____ Dataset records
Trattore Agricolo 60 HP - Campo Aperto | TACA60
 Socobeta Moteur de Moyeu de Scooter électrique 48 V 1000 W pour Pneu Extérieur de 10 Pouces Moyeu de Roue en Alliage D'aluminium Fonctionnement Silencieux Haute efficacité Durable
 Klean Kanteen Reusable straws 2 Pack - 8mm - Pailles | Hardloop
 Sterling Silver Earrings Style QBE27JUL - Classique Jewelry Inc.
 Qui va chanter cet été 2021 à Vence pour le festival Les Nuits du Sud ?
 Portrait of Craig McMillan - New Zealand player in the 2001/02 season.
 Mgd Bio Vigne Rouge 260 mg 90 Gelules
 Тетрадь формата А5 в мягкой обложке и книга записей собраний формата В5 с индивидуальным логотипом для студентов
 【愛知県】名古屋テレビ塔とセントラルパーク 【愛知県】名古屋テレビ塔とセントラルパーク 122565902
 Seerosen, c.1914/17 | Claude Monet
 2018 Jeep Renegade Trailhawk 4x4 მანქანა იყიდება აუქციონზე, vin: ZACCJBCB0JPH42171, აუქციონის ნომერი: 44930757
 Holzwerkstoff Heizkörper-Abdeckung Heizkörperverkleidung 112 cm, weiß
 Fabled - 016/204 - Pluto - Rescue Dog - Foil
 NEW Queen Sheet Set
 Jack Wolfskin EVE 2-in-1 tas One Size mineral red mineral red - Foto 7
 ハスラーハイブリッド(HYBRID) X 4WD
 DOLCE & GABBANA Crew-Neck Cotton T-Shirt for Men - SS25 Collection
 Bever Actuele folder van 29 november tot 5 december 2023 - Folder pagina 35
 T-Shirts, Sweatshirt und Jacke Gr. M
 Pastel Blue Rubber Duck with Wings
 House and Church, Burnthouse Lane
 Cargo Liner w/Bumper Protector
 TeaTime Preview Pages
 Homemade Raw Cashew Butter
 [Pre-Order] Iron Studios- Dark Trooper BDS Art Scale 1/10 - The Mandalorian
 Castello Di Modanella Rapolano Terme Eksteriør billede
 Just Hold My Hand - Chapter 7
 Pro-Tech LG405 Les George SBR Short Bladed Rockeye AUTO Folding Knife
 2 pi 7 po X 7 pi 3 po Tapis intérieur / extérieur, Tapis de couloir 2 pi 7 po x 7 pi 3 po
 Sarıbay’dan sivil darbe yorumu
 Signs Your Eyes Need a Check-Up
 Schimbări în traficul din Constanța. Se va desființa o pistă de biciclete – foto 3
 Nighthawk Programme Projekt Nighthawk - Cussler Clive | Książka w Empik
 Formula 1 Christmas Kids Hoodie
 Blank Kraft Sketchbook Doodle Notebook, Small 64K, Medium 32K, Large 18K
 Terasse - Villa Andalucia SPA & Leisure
________
[Work instruction] What is wanted is an exact repeat of the lines from the one with "Fabled - 016/204 - Pluto - Rescue Dog - Foil" through the last line of the listing above, and no other text.

[Answer to this exercise]
 Fabled - 016/204 - Pluto - Rescue Dog - Foil
 NEW Queen Sheet Set
 Jack Wolfskin EVE 2-in-1 tas One Size mineral red mineral red - Foto 7
 ハスラーハイブリッド(HYBRID) X 4WD
 DOLCE & GABBANA Crew-Neck Cotton T-Shirt for Men - SS25 Collection
 Bever Actuele folder van 29 november tot 5 december 2023 - Folder pagina 35
 T-Shirts, Sweatshirt und Jacke Gr. M
 Pastel Blue Rubber Duck with Wings
 House and Church, Burnthouse Lane
 Cargo Liner w/Bumper Protector
 TeaTime Preview Pages
 Homemade Raw Cashew Butter
 [Pre-Order] Iron Studios- Dark Trooper BDS Art Scale 1/10 - The Mandalorian
 Castello Di Modanella Rapolano Terme Eksteriør billede
 Just Hold My Hand - Chapter 7
 Pro-Tech LG405 Les George SBR Short Bladed Rockeye AUTO Folding Knife
 2 pi 7 po X 7 pi 3 po Tapis intérieur / extérieur, Tapis de couloir 2 pi 7 po x 7 pi 3 po
 Sarıbay’dan sivil darbe yorumu
 Signs Your Eyes Need a Check-Up
 Schimbări în traficul din Constanța. Se va desființa o pistă de biciclete – foto 3
 Nighthawk Programme Projekt Nighthawk - Cussler Clive | Książka w Empik
 Formula 1 Christmas Kids Hoodie
 Blank Kraft Sketchbook Doodle Notebook, Small 64K, Medium 32K, Large 18K
 Terasse - Villa Andalucia SPA & Leisure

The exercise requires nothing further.